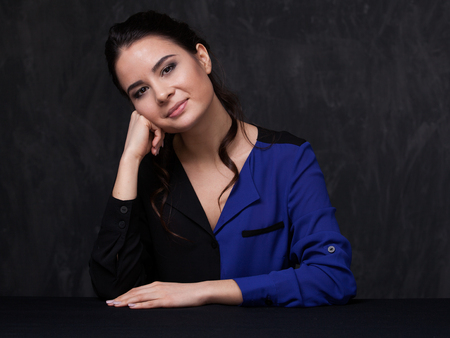 Portrait of an attractive brunette  looking straight and smiling. Her head is leaning on the fist. The other hand is on the table. Close up. Grey backgroundの写真素材
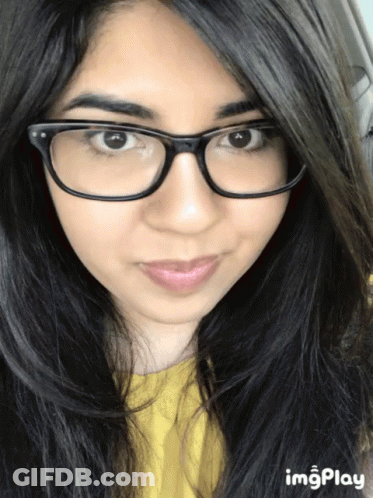 A Close Up Of A Woman 'S Face With A Yellow Shirt And Glasses GIF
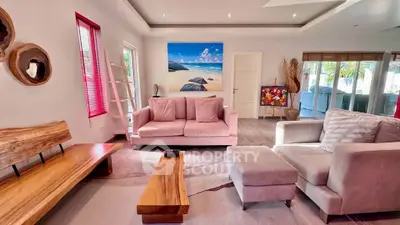 Stylish living room with modern furniture and beach-themed artwork, perfect for relaxation and entertaining.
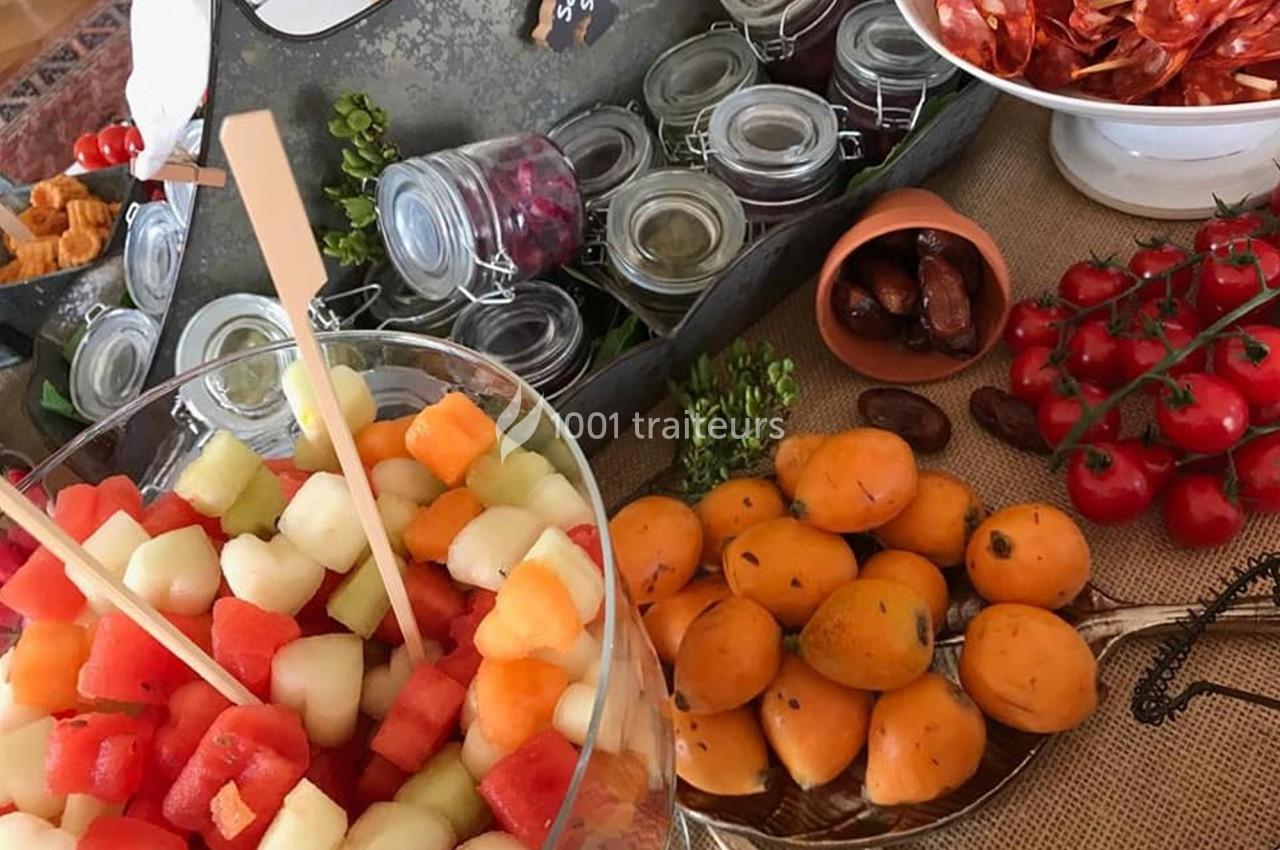 Buffet avec brochettes de fruits frais, kakis, tomates cerises, charcuterie et bocaux de condiments.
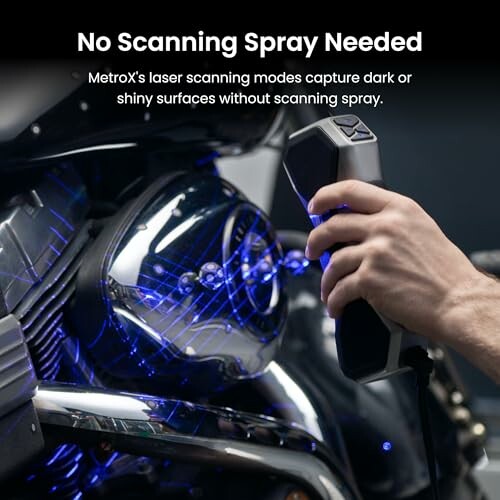 Hand using a laser scanner on a motorcycle engine.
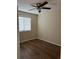 Bedroom featuring hardwood floors, a ceiling fan, and natural light from a window at 840 Lake Jackson Cir, Apopka, FL 32703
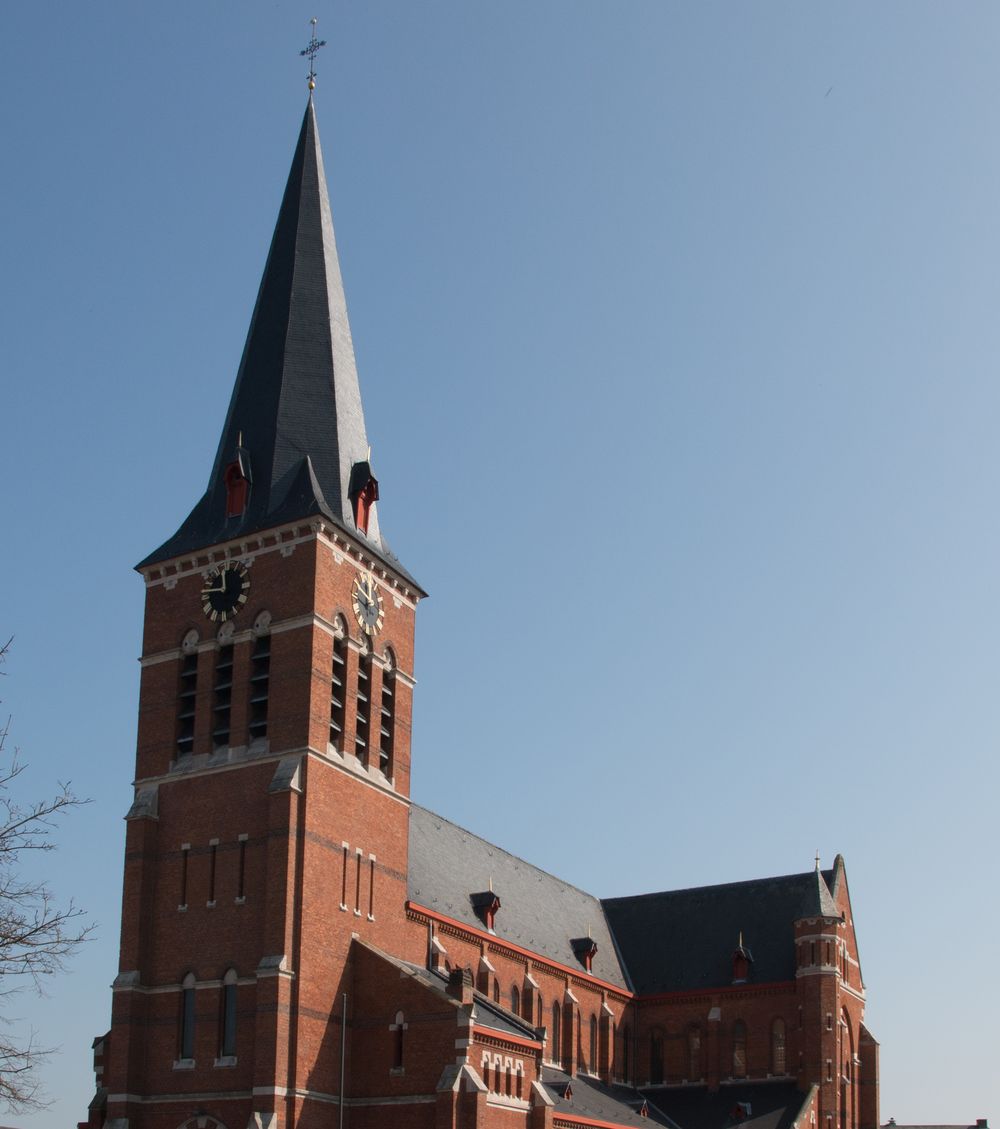 De bakstenen Sint-Niklaaskerk van Putte met haar hoge leien torenspits.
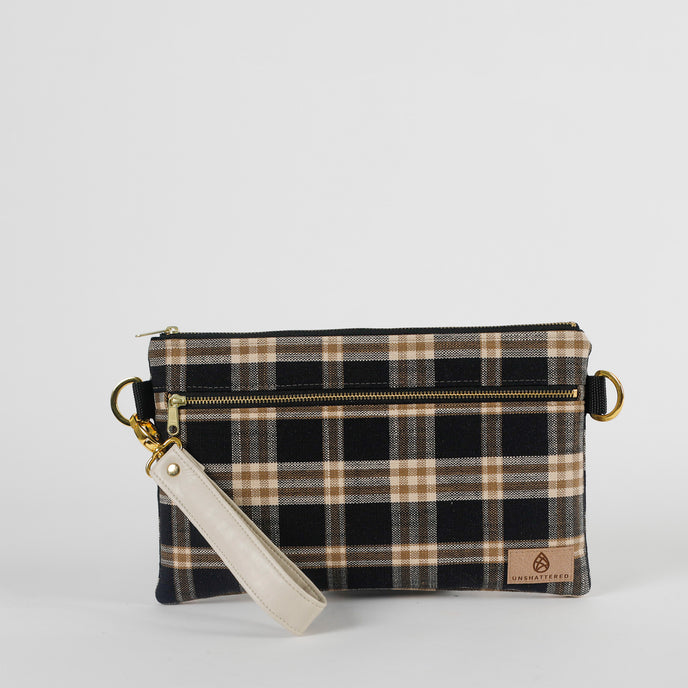 Plaid patterned pouch with a strap on a white background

• What this task involves
What the answer must hold is the exact text of every line from the one containing "Hand using a" through the end of the data, minus any pictures.

• Response box
 Hand using a laser scanner on a motorcycle engine.
 Bedroom featuring hardwood floors, a ceiling fan, and natural light from a window at 840 Lake Jackson Cir, Apopka, FL 32703
 De bakstenen Sint-Niklaaskerk van Putte met haar hoge leien torenspits.
 Plaid patterned pouch with a strap on a white background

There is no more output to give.